In both of the cases reported above, a thorough discussion of risks/benefits was undertaken before rituximab administration. Both were refractory to treatment with corticosteroids and additional second-line treatment with plasma exchange or IVIG and neither had further relapses after receiving rituximab. MRI without contrast was sufficient for clinical decision-making in both cases. Case 2 also illustrates that glatiramer acetate, while relatively safe may not effectively reduce the risk of rebound relapses after natalizumab discontinuation. ⁷ In addition, IVIG did not appear efficacious in treatment of this MS relapse, and there is no strong evidence supporting its use in this situation.

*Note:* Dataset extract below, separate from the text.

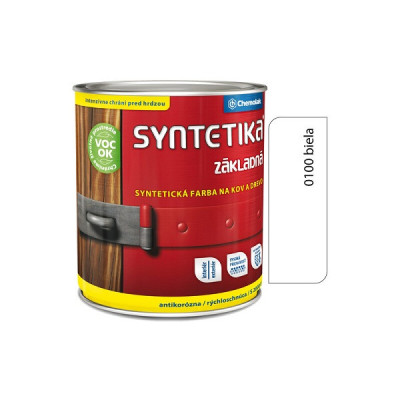 CHEMOLAK S2000 ZÁKLADNÁ SYNTETICKÁ ANTIKORÓZNA FARBA 0100 BIELA 9 L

Based on our review, only one other case of a severe MS rebound relapse during pregnancy being treated with rituximab has been reported. She was treated at 22 weeks gestation with two 1 g doses of rituximab and, as with our cases, had no further relapses during pregnancy with no apparent fetal or infant adverse outcomes. ⁸ As per the product label for rituximab, there have been no adequate and well-controlled studies of rituximab in pregnant women, though studies in cynomolgus monkeys did not show evidence of teratogenicity. ⁹ Rituximab crosses the placenta with potential fetal transfer starting in the second trimester. A systematic review of 102 patients who received rituximab for any indication within 6 months prior to conception found no major safety signal but did find low B-cell counts in 39% of newborns when checked that normalized within 6 months. Findings were reassuring for a further case series of 11 women with MS and NMO though none of these cases received rituximab infusions while pregnant. ¹⁰ Another recently reported cohort of 74 pregnancies of women with MS treated with rituximab included inadvertent rituximab exposure in nine pregnancies after conception from 0.5 to 5 weeks gestation. In this cohort, exposure during the first trimester did not significantly relate to preterm birth, miscarriage, or elective abortions. ¹¹ Although it is plausible that B-cell-directed therapy increases the risk of systemic maternal or neonatal infection, this has not been suggested by the relatively small number of cases reported, even with B lymphocyte suppression. Since the lymphopenia appears transient and without increased risk of infection, the role of routine CD19 monitoring in infants is unclear. However, decreased immune response may potentially blunt effects of neonatal vaccinations which may warrant checking infant CD19 to optimize vaccination timing.

In severe relapses during pregnancy, coordination with high-risk obstetrics and pediatrics is advisable. While concern for adverse effects to the fetus such as prematurity and neonatal infections has been raised, maternal outcomes from severe relapses can include permanent neurologic disability. Our patients improved after receiving rituximab with recovery of independent ambulation and decrease in EDSS; neither patient had further relapses following the initiation of rituximab, and there were no apparent sequelae for the infant. The amount of acceptable risk is a decision that requires thorough discussion of risks and benefits. The use of rituximab in the pregnant population should be extremely limited but is worth consideration in unique circumstances.